SANTA INTERRUPTED
Money Market Woes; NY Fed Interventions; Extraordinary Measures; Recession Call Reminder
»CLUB/EDGE client post December 30th, 2024
A reminder: The Santa Rally is defined as the statistically bullish period during the last five trading days of December and the first two trading days of January.
And to date, the market sold off into Friday the 20th, reversed and rallied Mon & Tues, stalled Thursday, sold off Friday. We still have another week of this!
Money Market Woes & NY Fed Interventions
On Wednesday, December 18th, SPX sold off -3%. [Reminder why here: FED DAY - HAWKISH CUT}
The selling came on the heels of FOMC adjustment to its future (2025) dot plot pulling out two rate cuts. It is also the day the FOMC lowered the rate on reverse repos to match the lower end of the funds target - from 5bp above.
Both contributed to money market stress, for which this article published the next day (Dec 19th) addressed: The Year-End Money Market Storm
In it, @conksresearch highlights a resurgence in riskier paper funding a resurgence in riskier leveraged equity longs.

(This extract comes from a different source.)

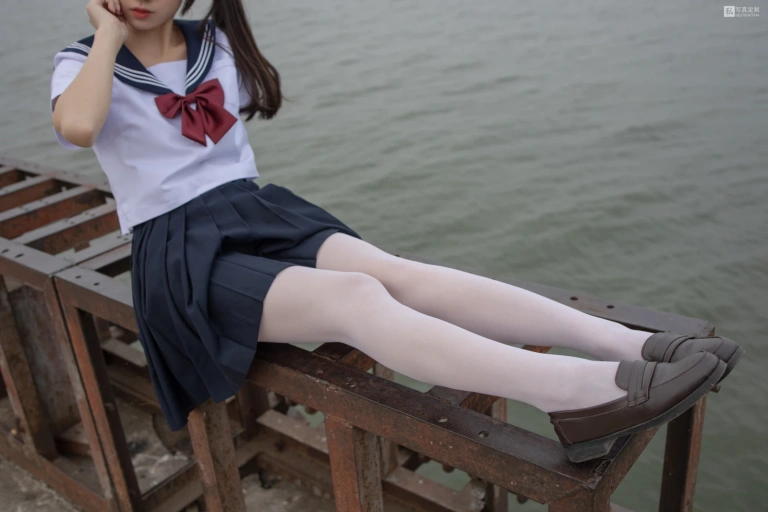 《JKFUN-028 《抑郁湖边与绝望天台》 15D白丝 默陌 赠：《躁动而潮湿的JIO》》｜森萝财团 · 58张写真、2 个视频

It's a lot of equity repo plumbing, but suffice it to say it is the grease (liquidity) that has driven the market's advance in 2024:
(emphasis mine)
For the past year, market makers have financed numerous baskets of large-cap stocks to meet the insatiable demand for longs. An intense craving for stock market exposure and a subsequent rise in price has boosted volumes of equity repos on the BNY’s (Bank of New York’s) triparty platform. Dealers fund some client positions by purchasing stocks and pledging them for cash in repos, paying an overnight rate until they no longer need funding. While dealers have met the need for longs from hedge funds and other investors, a plunge in short-selling activity has hindered the securities lending market, where dealers usually earn a spread for loaning equities from their inventories to short sellers. Instead, massive demand for not just longs but leveraged longs has forced market makers to charge a colossal fee, sometimes 100bps (1.00%) or more above SOFR, to warehouse equities on their already crowded balance sheets.
...
Simultaneously, a mammoth increase in issuance and an undesirable yield curve have reduced demand for U.S. sovereign debt. Unlike equities, the Fed’s primary dealers serve as the private sovereign debt buyers of last resort and must absorb the largest amount of unwelcome inventory on record. In the secured standard, providing room on your balance sheet is already costly. But now, the supply-demand imbalance in multiple markets has caused the scarcity of funding to reach precarious levels, just as we approach the most restrictive period on the financial calendar. A stormy year-end is looming.
But here's where it gets really interesting…
The SAME DAY the above post was published - again, which happened to be the day after SPX had its -3% drawdown with VIX surged 74% - the NY Fed backstopped the money markets!!